E: Companies must prioritize robust risk management strategies. This includes diversifying investments to mitigate exposure to political and economic instability. Additionally, engaging with local stakeholders and understanding the regulatory landscape is vital. It’s crucial to adapt operational strategies to be more resilient—whether through cost management or exploring alternative markets with more favorable conditions.
TNE: Looking forward, what potential steps can the Libyan foreign Investment Company and its affiliates take to recover from these losses?
E: Recovery will likely demand a multi-faceted approach.First, they’ll need to conduct thorough audits to identify loss drivers and restructure operations accordingly. Investment in digital transformation and enhancing service offerings could also attract businesses and tourists. Lastly, building strategic partnerships could provide much-needed resources and market insights, aiding long-term recovery.
TNE: It’s clear these companies face monumental challenges. How do you perceive the future for tourism and investment in Libya and other affected regions?

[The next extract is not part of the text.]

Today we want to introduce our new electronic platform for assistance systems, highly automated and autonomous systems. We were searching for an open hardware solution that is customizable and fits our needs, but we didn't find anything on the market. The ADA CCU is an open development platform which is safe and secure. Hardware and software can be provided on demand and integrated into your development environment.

E: the road to recovery will be challenging, but not impossible. Stability in governance and economic policies will be crucial for rehabilitation. If companies can address their operational inefficiencies and adopt adaptive management practices,there remains potential for a resurgence in investment and tourism. Though, this will take time and concerted efforts from all stakeholders involved.
TNE: thank you for sharing your insights today. It’s imperative for companies in these sectors to heed this advice as they navigate through these turbulent times.
E: Thank you for the discussion. It is indeed vital for industry players to stay informed and proactive as they work towards recovery and sustainable growth.